After two years of living through Covid restrictions, as well as pondering through several weeks of the ongoing war in Ukraine, I concluded the time might be ripe to open Aldous Huxley’s opus Brave New World. While I am interested in the tendencies that drive European societies towards multiplying the means of technical and social control for some time, the book has been escaping me until this point. There it is – a proof that every crisis is also an opportunity, at least an intellectual one. The fact remains that Brave New World appears in our mental landscape as one of those works that are often referred to already due to bearing a catchy title, but not so much read. A mistake! With all its warning signs that it offers, writings like these are made to be pored over precisely at times like nowadays: when everything seems crystal clear, when media, experts and politicians in unison sign the tune of there being no alternative, it is the moment of greatest danger for independent thought. And therefore also for human beings who no longer deem it worthy to dust off the cover of old tomes.
In fact, Huxley is anything but outdated. It reads as if it was written by a contemporary.
There might be these minor details which betray that this relatively short novel was written back in 1932 (such as the over-emphasis of “neo-Pavlovian” conditioning of people, which would be likely replaced today by genetic engineering), but this does not throw us off the main message. The author’s utopia-dystopia is also surprisingly mild in its coercive mechanisms, at least to anybody who lived through Covid passes, QR codes and the images of quarantines coming recently from China. And not only them. In their place, Brave New World sprays its dissidents and nonconformists by soma, which is otherwise a “regular” happiness drug, which is compulsively used and expected to be used by population. In this our society is much more instructive and demonstrates that the rule of science, feely-happy consumerism, mass culture and erasure of history and literature is perfectly compatible with its enforcement by Orwellian means. Such a combination of Huxley’s soft and Orwell’s hard methods of ensuring the masses fall in line is more accurately portrayed for example in George Lucas’ film THX 1138, which, however, benefits from its release in 1971. The whip – or at least the tacit threat of its use – is for those who are not willing to swallow the sugar. They form a perfect duo.

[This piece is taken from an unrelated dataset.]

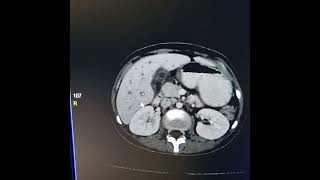 Liver abscess  Periportal haloPeriportal collar sign [upl. by Eugirne366]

The imperative of Brave New World denizens is to be always happy. Greeting fellow dweller with anyting but an ear-to-ear grin of an American TV show is a betrayal of community values. And being sad is an outright flaw, a condition that needs to be treated immediately by a few grammes of soma, as good citizens will remind each other of, using one of the catchy phrases taught to them during their Pavlovian childhood conditioning. Being happy-go-lucky means to consume: sex and fleeting relationships from early childhood, meaningless films, which however emulate senses in a kind of virtual reality, or enjoying effortless “sports” that offer no danger or exertion. The pitiful character of Linda, an inhabitant of Brave New World, who involuntarily ended up stuck for two decades in one of the few remaining “savage reservations”, where people outside civilisation still live in primitive conditions, demonstrates the level of addiction to these triffles and distractions. The moment of her return to society – for which she is overjoyed – she sinks into dependence on high doses of soma, to the extent of quickly destroying her health. Any effort to rouse her from this stupor, a metaphor for their human condition as a whole, ends up in bouts of anger, confusion and, ultimately, incomprehension of why anyone would like to be released from this rosy, ever-cheerful simulated reality. This golden cage just like in a Plato’s cave, makes its entrapped prisoners feel anxiety and snap at those who would make attempt at releasing them outside.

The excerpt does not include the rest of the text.